Consider this a trail of bread crumbs for others to follow, if they want to try a desem of their own.  This is also a record of what I did for myself, as I am always experimenting with grains, flours, doughs, breads, and after a few months it all blurs together.

To catch up to speed:

On Day 14 of feeding the desem, I had added a full 1 cup of flour to the desem, and only enough hydration to make it slightly sticky after 10 minutes of kneading.  I divided this into quarters, and reserved 1/4 for the ongoing desem.  I was intending to bake with the remaining 3/4 of desem, the next day.

Without further ado, this is my Desem Experience, from Day 15 of my Desem Experiment.


Ingredients:

2 1/4 c Desem 657g (measured just before baking to be 649g)
1 1/3 c cool water  312g
3 c whole wheat freshly milled flour 468g
2 1/2 tsp (table) salt - I used 12g kosher

This time, since the desem felt more moist than the week before, I went with the lower suggestion from LKBB for the amount of water, 1 1/3 cups. 

Method:

Soften Desem in water
Stir in salt, flour, mix to a stiff dough.
Knead 20 minutes or 600 strokes
Cover in a bowl at 65-70 degrees F for 4 hours (but it may be as long as 8-10)
In the last hour, deflate the dough

Make a foot shape.
Rest 15 minutes.
Repeat a foot shape.
Proof 1 1/2 - 2 hours at 95%-100% humidity.
Bake in a casserole dish at 450 degrees F until the crust browns
Then bake at 350 degrees F for the rest of a full hour.


My experience:

I was pretty hopeful that my desem now had good rising potential.  Overnight, the 3/4 of desem that I was going to be baking with showed great promise.

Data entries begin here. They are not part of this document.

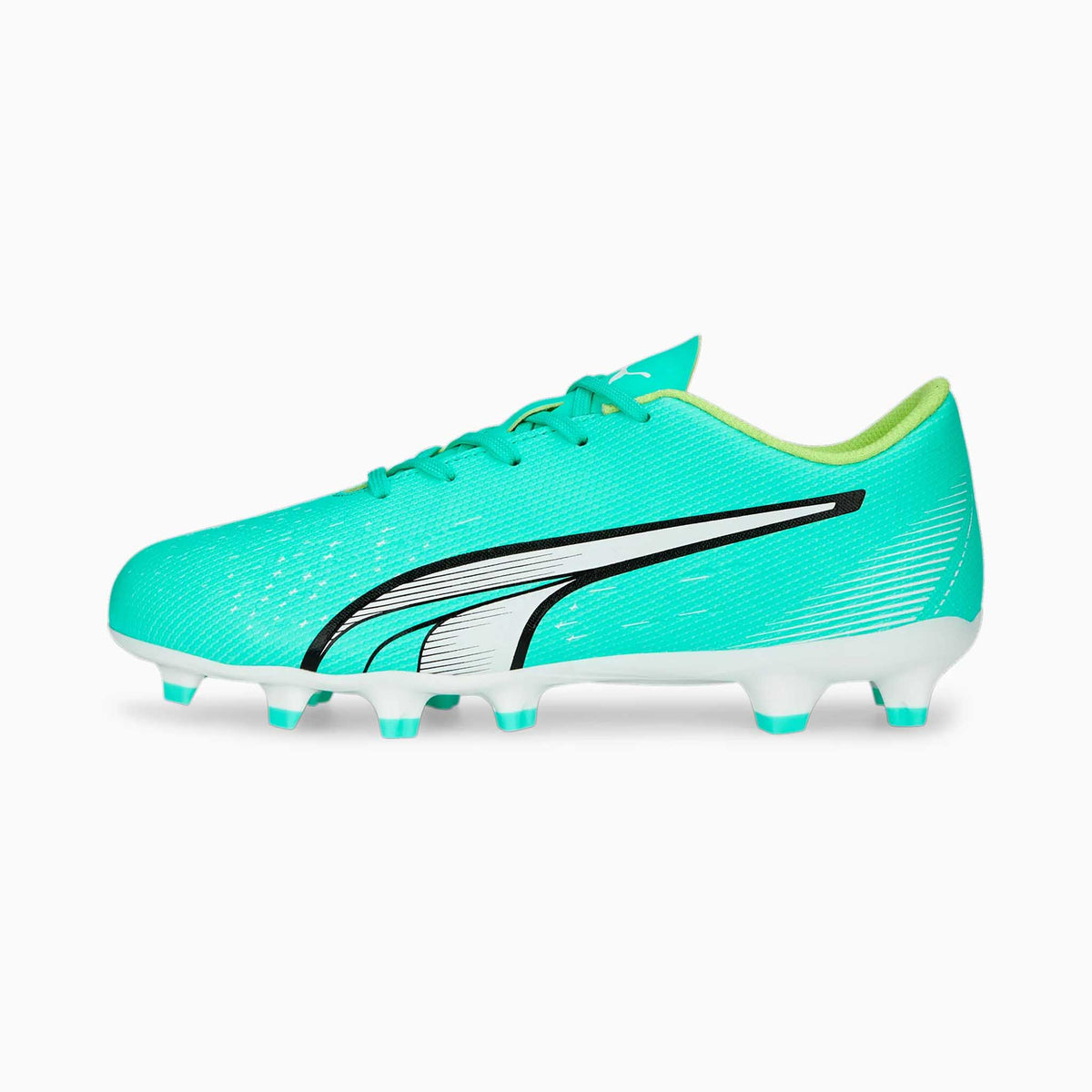 Puma Ultra Play FG/AG souliers soccer crampons enfant- electric peppermint
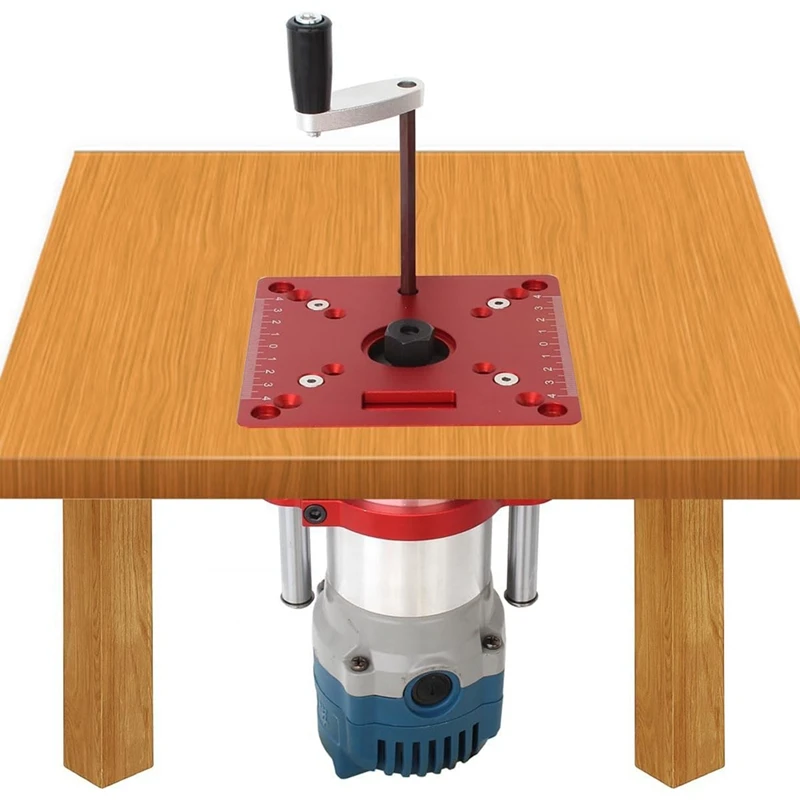 Mini Router Table Insert Plate And Router Lift For 65Mm Universal Trimming Machine,Square Woodworking Bench Router Durable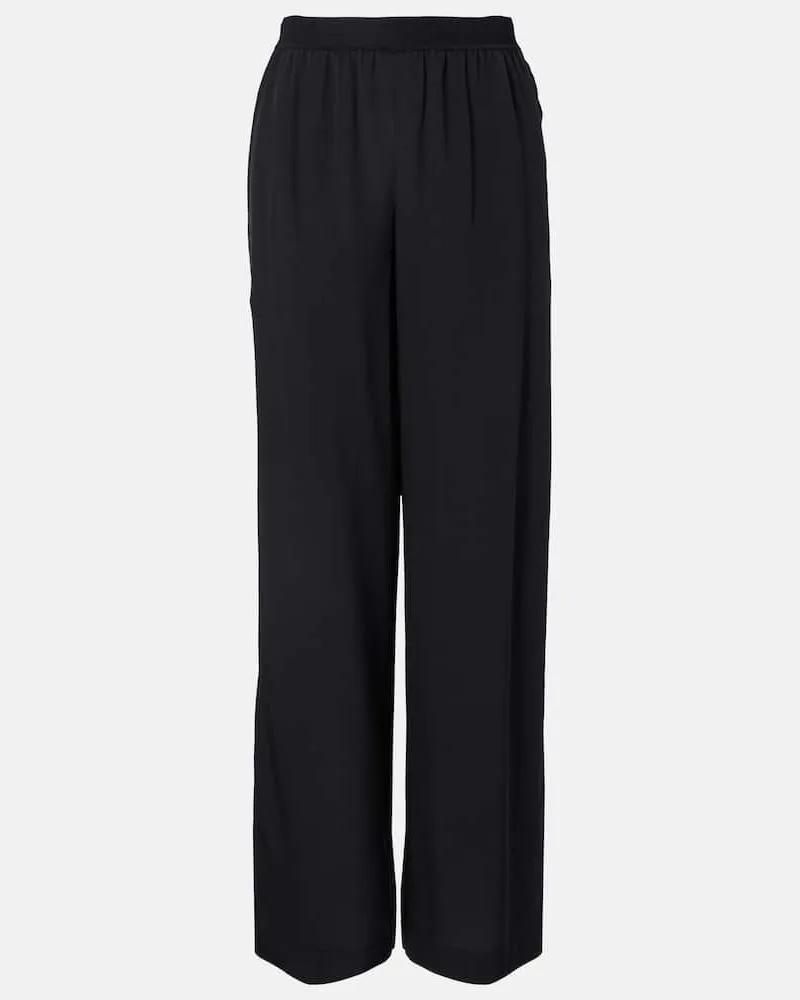 Joseph Weite Hose Hulin aus Seiden-Crêpe Schwarz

 The desem I will bake with, and the daily recipe cards that got me this far
 This desem rose this much overnight: I had great hopes for this sourdough
 The final weigh-in for my desem before baking

I softened the desem in water, as usual, and then mixed it up with the freshly milled flour.  When first mixed, it is so very coarse you doubt that it will ever come together as dough.


 Softened in water
 The desem doesn't absorb all the water, so once it is softened you still have to add the water
 Coarse dough

This dough was a bit coarser than the dough I mixed up for the original loaf, and it felt different: I didn't have the happy farty noises that I experienced previously.  The hydration was slightly different too.  Although I thought I was using less water, it seemed wetter, and I think that this is because the desem itself was wetter.

 5 minutes into the kneading
 10 minutes into the kneading
 15 minutes into the kneading
 20 minutes of kneading: done

 Over the long period of kneading, however, a lot of the hydration differences did seem to even themselves out.  The dough eventually did take on different characteristics with the kneading.  Early on, I felt it was easier to use the scraper and knead with one hand, but later the gluten developed and I got too much resistance to use this method, so I went to a 2-handed method. 

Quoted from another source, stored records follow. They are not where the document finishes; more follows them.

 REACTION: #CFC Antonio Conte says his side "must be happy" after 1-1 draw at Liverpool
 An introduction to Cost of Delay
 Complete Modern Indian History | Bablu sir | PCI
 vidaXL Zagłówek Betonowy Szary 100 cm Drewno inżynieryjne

The dough was then covered.  I was hopeful that it would show some rise within the 4 hour time frame that a well-developed desem is supposed to have; after all, the desem that rose so well overnight actually rose to that height in about 6 hours.  So I checked the dough at 3 hours (since you have to degas the dough gently for the final hour).  I thought it could use some more time, so I waited another hour, and then another hour.  I can see from the pictures that I probably should have waited even longer before I degassed it.  Probably this new desem did require a full 8 hours to rise.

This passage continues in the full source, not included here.